Now, too, my composite picture of Union Station includes the riots that broke out in 1967 and 1968 in Southeast Washington, as well as in Detroit and Newark and other majority-black cities and neighborhoods around the country. I see the station through those layers now. Some black people were already calling it Chocolate City. What I felt at the time was a glimmering sense of Union Station as an outpost at the edge of an impoverished and restless black presence. The kids splashing around in the fountain fit somewhere into that puzzle.

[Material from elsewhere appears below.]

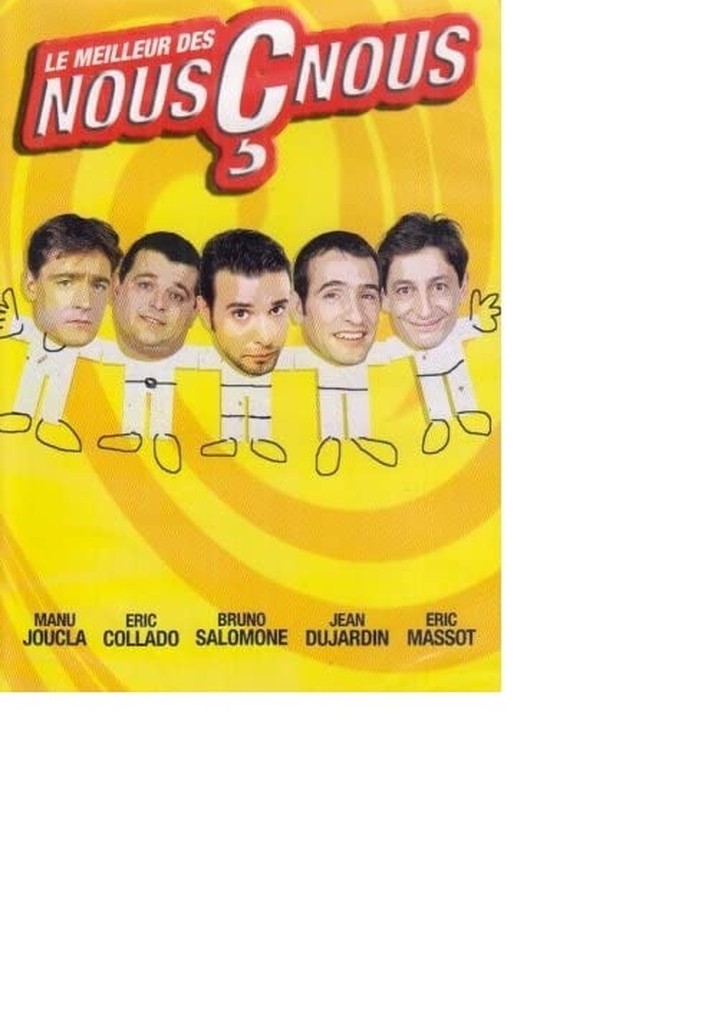 Les Nous Ç Nous - Le Meilleur des Nous Ç Nous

The interior of the station was immense, its overwhelming cacophony of sounds rising like a flood, bouncing from one hard surface to another. Holding some adult hand, I halted just long enough to take in the immensity, the lobby echoing with train announcements on loudspeakers and with men at the various gates barking out names and numbers and holding up placards for people trying to make connections. High above, where the carved stone bas-relief was darkened with decades of soot, big clocks presided over the row of brass-and-marble ticket-windows below, the bustle of passengers and baggage-carts attended by Negro porters wearing red caps, trundling suitcases and trunks to yellow taxis lined up outside.

Venturing out on the platform with Mom or Dad to meet our visitors, I peered through billows of steam, through the pungent scalded exhalations of locomotives hissing and sighing like powerful beasts, back to where the red-capped porters were loading suitcases and helping passengers into the seats of carts towed in a string behind the little rubber-tired puffer-billies weaving their way back and forth along the platform, between one end of the train and the other – and high above, the pigeon-swooped sunlight filtering through overhangs of grimy glass and open sky and piercing the steam with shafts of Sunday School light.

I felt small, awed and elated with the too-muchness of it, standing at the edge of such a very big world.